Here are the settlement terms as reported by the Washington Examiner:
In the settlement, UC Berkeley agreed to the following terms set by YAF:
- Pay YAF $70,000. [JAC: I believe this is for lawyer’s fees]
- Rescind the unconstitutional “High-Profile Speaker Policy.”
- Rescind the viewpoint-discriminatory security fee policy.
- Abolish its heckler’s veto — protesters will no longer be able to shut down conservative expression.
Under these terms, UC Berkeley will no longer be allowed to place a 3 p.m. curfew on conservative events or relegate conservative speakers to remote or inconvenient lecture halls on campus while giving left-leaning speakers access to preferred parts of campus. [JAC: yes, they did this]
YAF and UC Berkeley also agreed to a “fee schedule” that treats all students, student groups, and speakers equally. Unless students are handling money or serving alcohol at an event, there will not be a need for security fees.

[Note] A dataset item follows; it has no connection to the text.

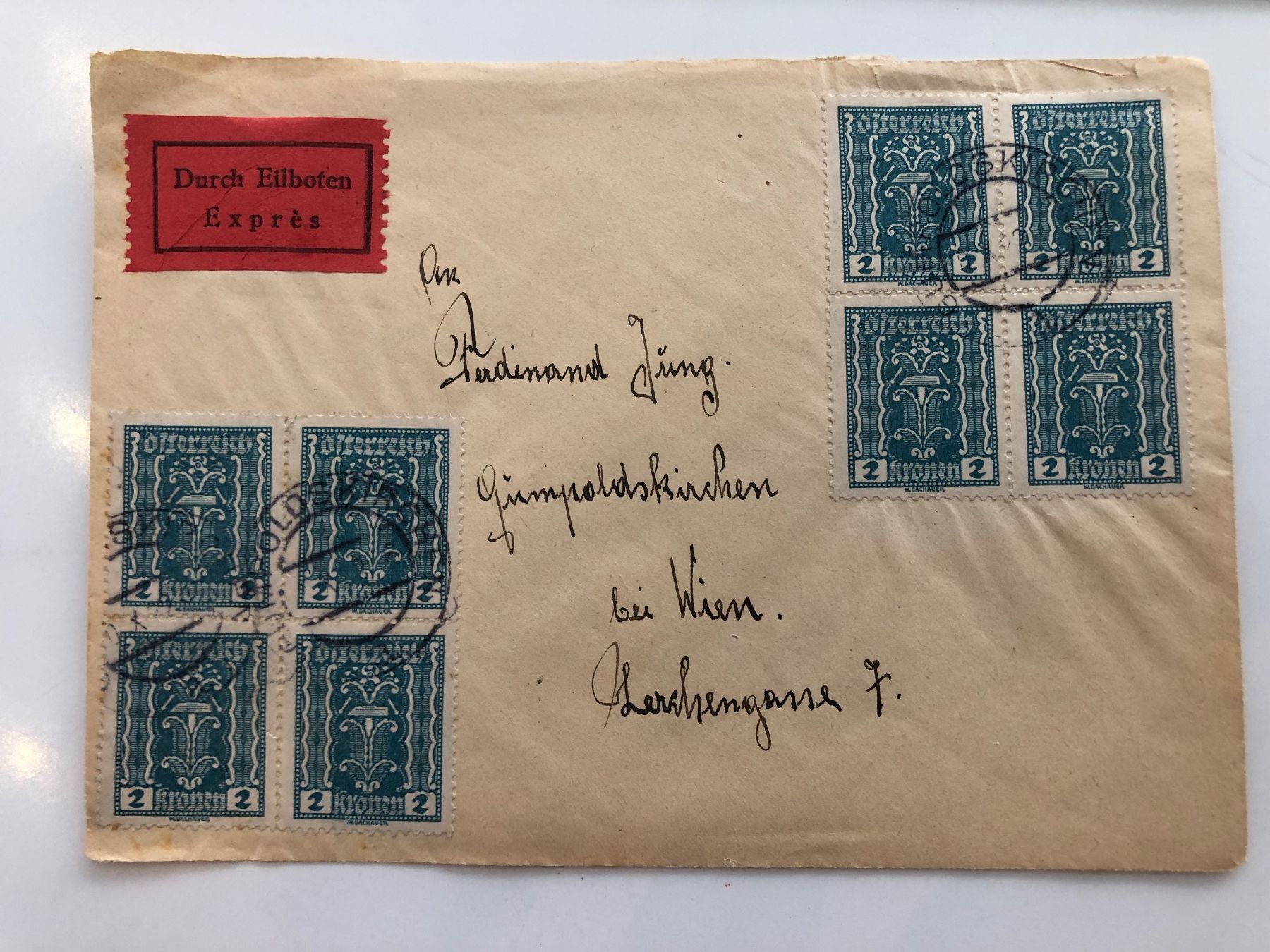 Alle Briefmarken: 6 Inflations-Briefe AUSTRIA 1925 – Gebraucht aus Lufingen von Rac0 4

The “High-Profile Speaker Policy” was unwritten, but it was presumably UCB’s policy of raising security fees for “high profile” conservative speakers.
Although UCB denies that it engaged in any viewpoint discrimination, it’s hard to see this as anything other than a loss for UCB and a win for free speech. Even though I’m not a fan of any of the speakers the YAF and BCR invited, it’s hard to disagree with their lawyer’s statement, “This landmark settlement means that all students at UC Berkeley now have the exciting opportunity to hear a variety of viewpoints on campus without the artificial tax of security fees selectively imposed on disfavored speech.”
It’s ironic that UCB, where the Free Speech Movement started, was fighting this issue from the outset. It’s clearly wrong, and probably unconstitutional, to charge student groups more when a controversial speaker is invited, especially when those speakers are almost invariably conservatives. Strict application of that policy would have the effect of eliminating conservative speakers from campus, simply because campus and city security couldn’t control the rampages of those on the left who insisted in violent protests and “deplatforming” unwanted speakers.